#### ABOUT THIS TASK
Your output should be exactly the lines from the one containing "Kup Adaptér Baseus" through the final line of the following data, please, with no pictures.

#### THE DATA
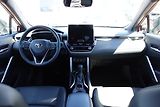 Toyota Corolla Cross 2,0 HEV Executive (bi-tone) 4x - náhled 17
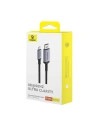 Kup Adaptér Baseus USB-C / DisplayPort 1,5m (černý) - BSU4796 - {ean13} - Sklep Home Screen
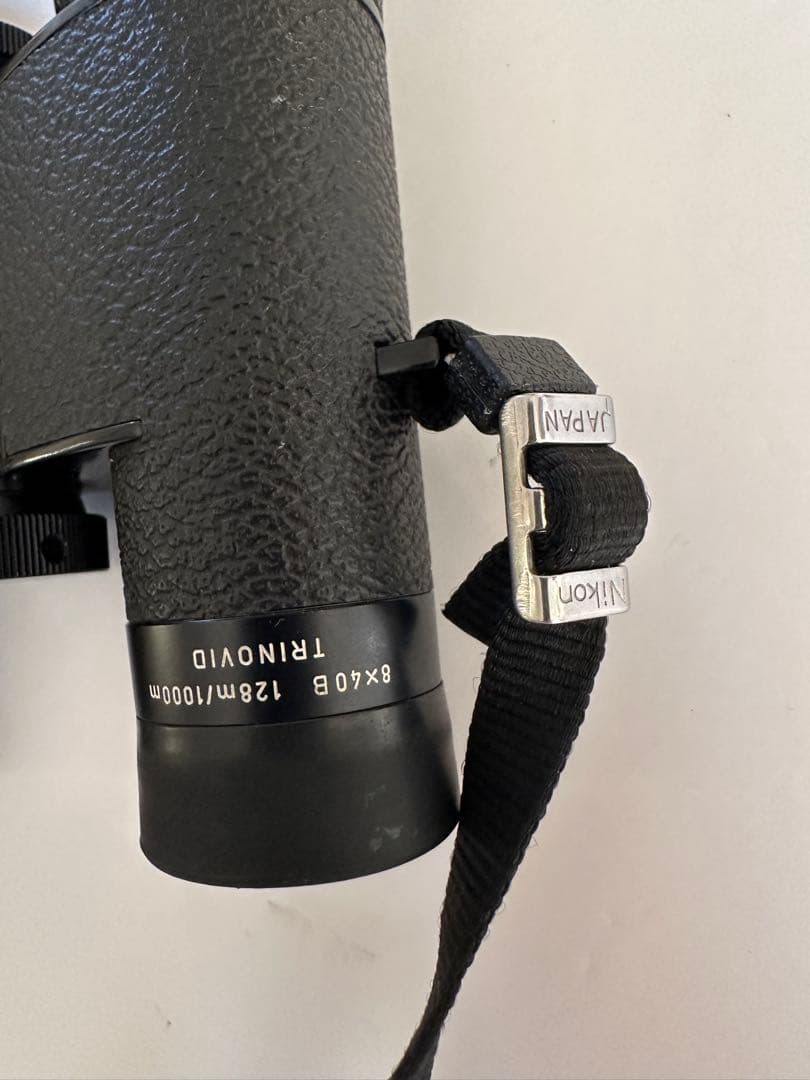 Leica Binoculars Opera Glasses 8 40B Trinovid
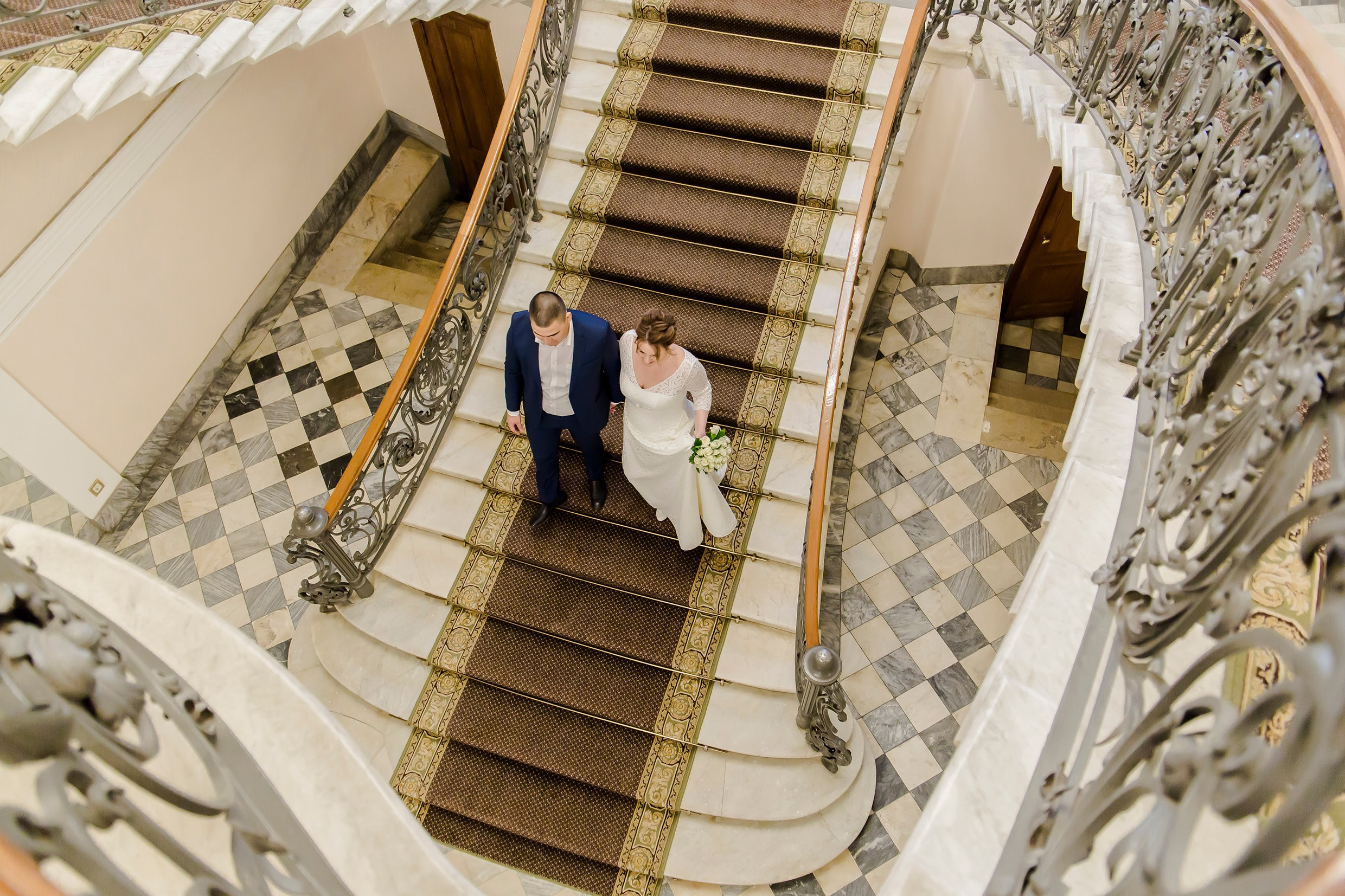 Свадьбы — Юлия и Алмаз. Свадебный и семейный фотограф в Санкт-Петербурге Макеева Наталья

#### TASK OUTPUT
 Kup Adaptér Baseus USB-C / DisplayPort 1,5m (černý) - BSU4796 - {ean13} - Sklep Home Screen
 Leica Binoculars Opera Glasses 8 40B Trinovid
 Свадьбы — Юлия и Алмаз. Свадебный и семейный фотограф в Санкт-Петербурге Макеева Наталья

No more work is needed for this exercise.